§ **WORK INSTRUCTIONS**:
From the first line of the listing below to the line containing "NixodermMY's tweet photo.", write out everything exactly. No pictures.

§ **GIVEN RECORDS**:
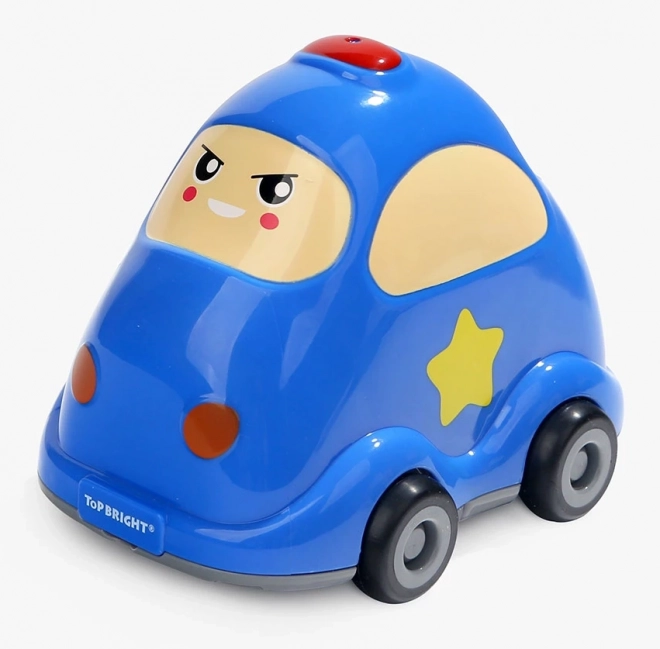 Top Bright Wooden Puzzle With Toy: Police Car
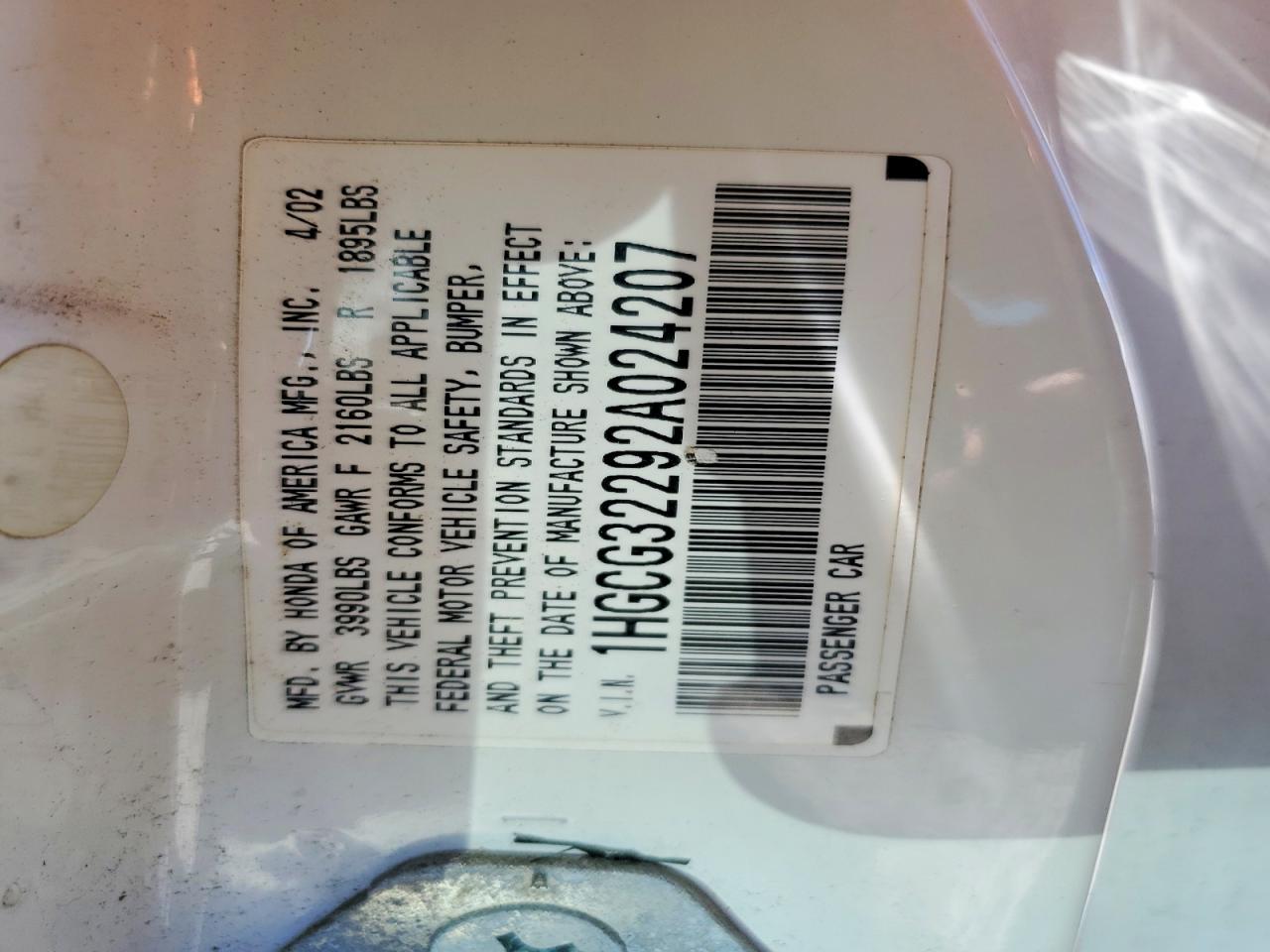 2002 HONDA ACCORD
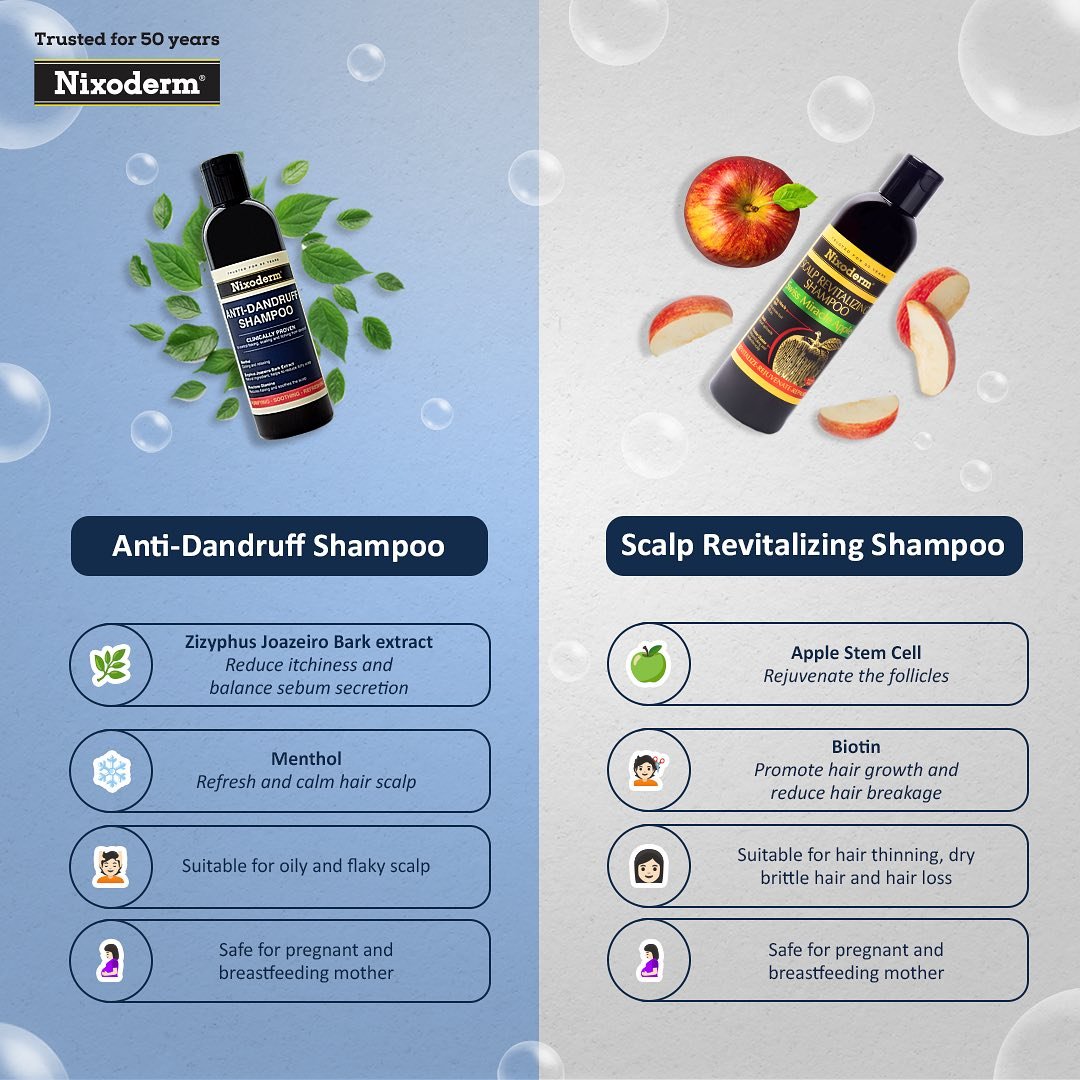 NixodermMY's tweet photo. Let’s break down our two best-selling shampoos – Anti-Dandruff and Scalp Revitalizing 🧴

Find the ideal match for your hair type to unlock maximum benefits and achieve your dream hair goals 💁🏻‍♀️

#Nixoderm #NixodermMY #Shampoo #AntiDandruff #ScalpRevitalizing https://t.co/ikdKIughXs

§ **RESULT OF THIS TASK**:
 Top Bright Wooden Puzzle With Toy: Police Car
 2002 HONDA ACCORD
 NixodermMY's tweet photo. Let’s break down our two best-selling shampoos – Anti-Dandruff and Scalp Revitalizing 🧴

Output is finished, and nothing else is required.